Three years later, the Seattle-based pop-rock quartet returns to town (see “If you go”), again riding the wave of a new release; Death Cab's seventh full-length, “Codes and Keys,” comes out Tuesday.
And this time, the new album does sound different.
“If you told me ... that it just sounds like a Death Cab record,” drummer Jason McGerr said in a telephone interview last week, “I'd say, well, maybe you're listening on the wrong stereo.”
The band's basic components are still there: the chiming guitars of Ben Gibbard and Chris Walla, the reliable rhythm section of McGerr and bassist Nick Harmer, and a bounty of Gibbard's earworm melodies and lovesick/lovestruck lyrics. It's a formula that powered the quartet's rise from late-'90s indie-pop upstarts to playing amphitheaters and anchoring a “Twilight” movie soundtrack.
But “Codes and Keys” also swirls with electronic bloops and squiggles, crackles with ambient noise, and soars with dramatic string sections. Gibbard's tunes still shine through, but they're somewhat shrouded in the sound of a band finally comfortable in its grown-up skin. (Attention Radiohead fans: “Codes and Keys” may just be Death Cab's “Kid A.”)

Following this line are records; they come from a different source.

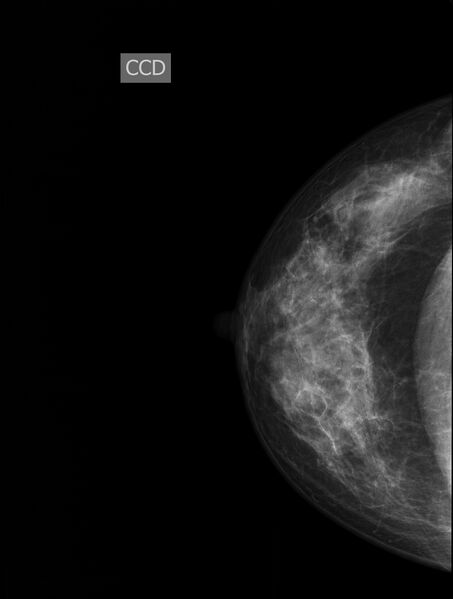 File:Normal mammogram radiographs (Radiopaedia 77107-89068 CC 1).jpg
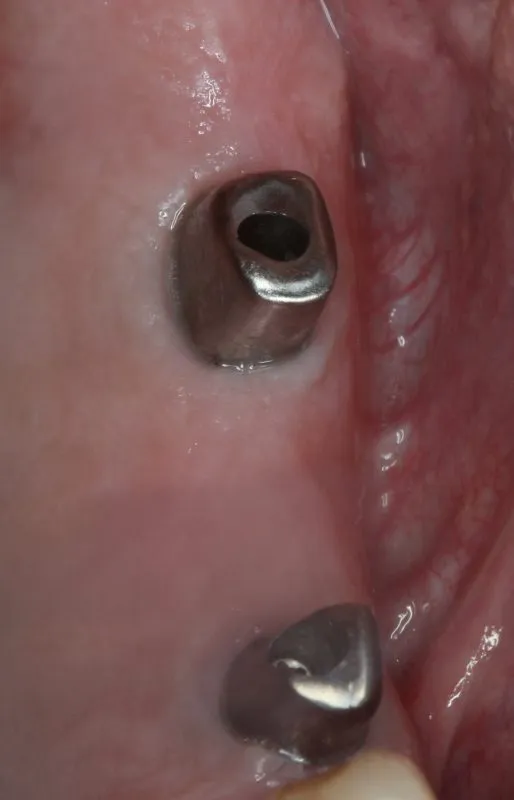 metal anchors for a posterior bridge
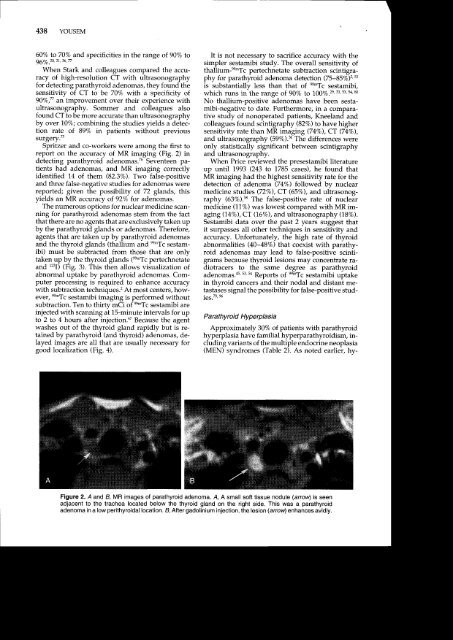 PARATHYROID AND THYROID IMAGING - Neuroradiology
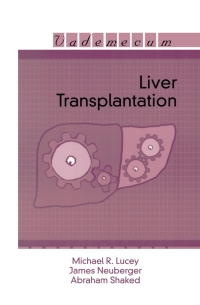 Imagen de portada: Liver Transplantation 1st edition 9781570596827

Several factors influenced the sound of “Codes,” McGerr said. The band took longer to make it, and, for the first time, brought in an outsider (Alan Moulder) to mix it rather than having Walla do it.
And, the members of Death Cab went through significant personal change after “Narrow Stairs.” Gibbard and Harmer got married. McGerr is now a father.
“Our approach as players and Ben as a (songwriter), it has to be different,” McGerr said. “We're just at a different time in our lives. There wasn't much that was the same other than the individuals making the music.”
Then there was Walla's placement of “sonic roadblocks” in the studio to force the band to explore new ideas and ways of doing things.
“He wanted to avoid the pitfall of all of us picking up the instruments that we know so well,” McGerr said. “Just because Ben can pick up a guitar ... and play it doesn't mean that that's ... the most interesting version for an album. Sometimes when you throw something more challenging in front of somebody it pulls a different thing out of them.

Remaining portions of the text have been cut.